WestRiverrat's avatar

I would use it, but then I have been accused more than once of being a cheap bastard.

janbb's avatar

I would use it. If it’s from your Mom, she is giving it to you with love.

Sunny2's avatar

That it belonged to you mother adds family sentimental value to the ring. Do it without hesitation. It isn’t necessary to advertise that you did that. Just you, your mom and dad and your fiancee need to know. I think your mother is fantastic to offer. Thank her profusely!

Blueroses's avatar

The stone has been around for a very long time and, being a stone, holds no memories.

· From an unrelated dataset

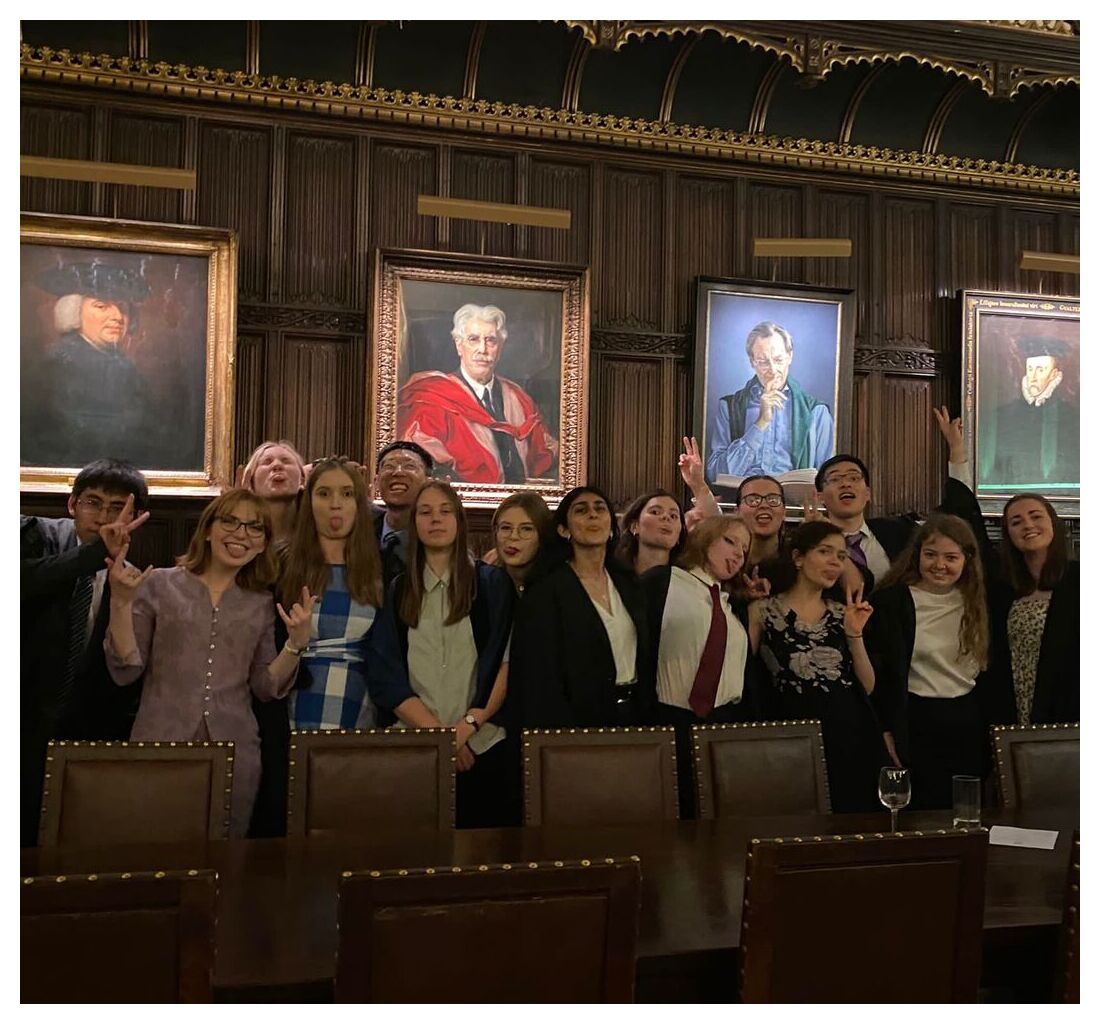 A large group of friends pilling faces, dressed in formal clothes in Formal hall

If you’re putting it into a new setting of your design, it’s a new ring. Sounds like a winning situation to me.

jgoose's avatar

Thanks a lot guys I really appreciate your opinions. You’re right, I should just use it and be thankful that my Mom is giving it to me.

Rarebear's avatar

Since there is no such thing as “bad juju” you’re fine.

nikipedia's avatar

@Rarebear is mistaken; ample evidence has shown that mom juju erases bad juju, so you’re all good.

Coloma's avatar

Go for it, any bad Juju will be rendered dilute with the good Juju of your love and intentions.
It’s only a stone, and you’re the one romancing it. lol

AmWiser's avatar

What’s special is that you’re designing a ring for your girlfriend. And she must be special for your mom to offer her stones from her stash of jewelry. Don’t sell or trade the stone, you may not get the value that it’s worth.

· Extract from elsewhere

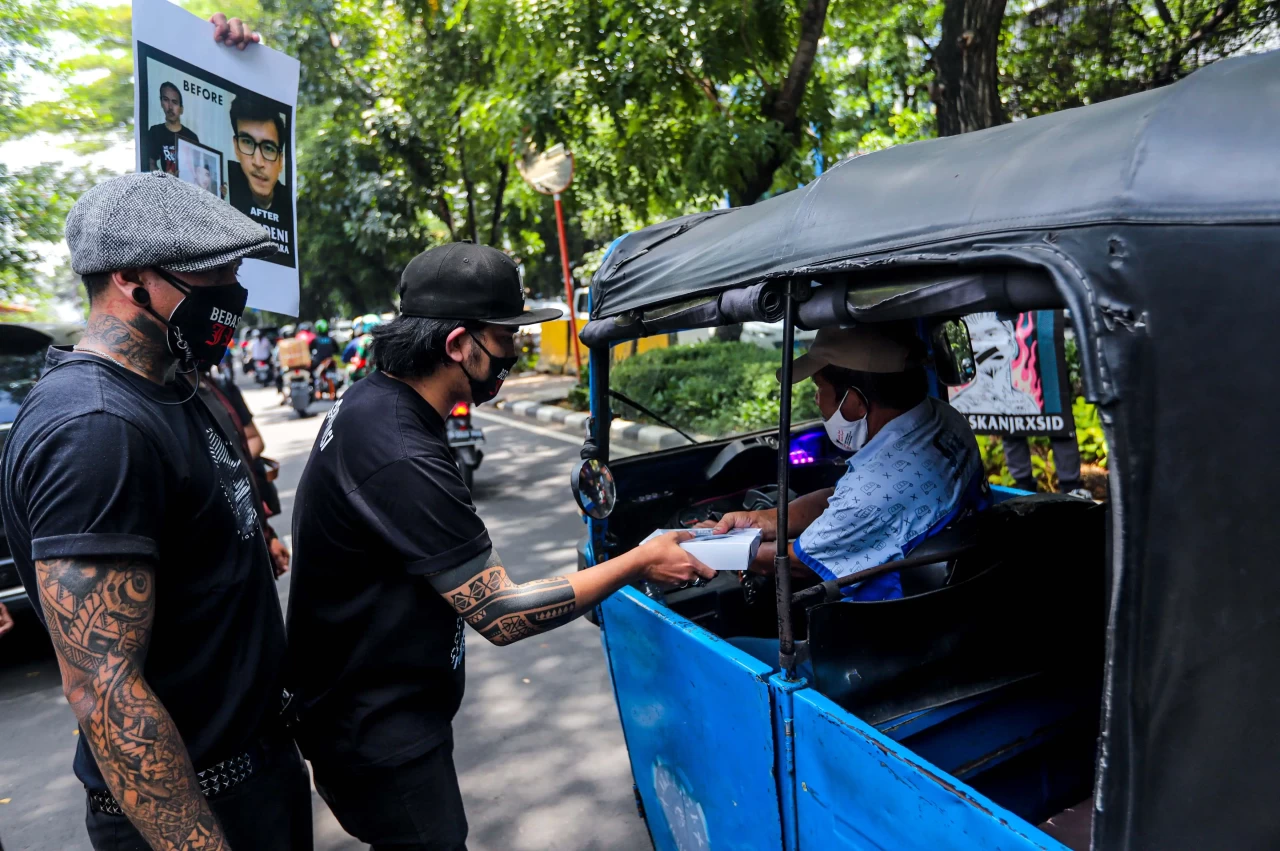 Aksi Solidaritas Outsider...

When I married 11-years ago, I insisted that my husband use my stone from my ring from a previous marriage; not that he couldn’t afford to buy me one just as good or better. The stone was perfect for the design ring we picked out. No bad juju here. The ring is still beautiful and I have never felt the need to upgrade.

Pachy's avatar

It’s a symbol of love x 2. I’m sure your GF will be touched.

LornaLove's avatar

I think a lot of rings are passed down for this purpose. I see nothing wrong with it. It was also kind of your mom to pass it on to you.

Adirondackwannabe's avatar

@jgoose You’ve got two good sources of juju here. You care for your lady enough to design the ring for her, and your mom is giving you a nice diamond. That’s a nice sign she likes your lady and is welcoming her into the family. That’s a great thing. I don’t know how many bad MIL stories I’ve heard. Do it, everyone should be happy.

Inspired_2write's avatar

One would think that your girlfriend would be delighted as to “give’ such a sentimental
ring that was once your mother’s is a sure sign of permanence.
Plus your are redesigning it anyways.
You should know your girlfriend by now?
i am sure tht she would love it!

Plucky's avatar

Juju is now one of my favourite words.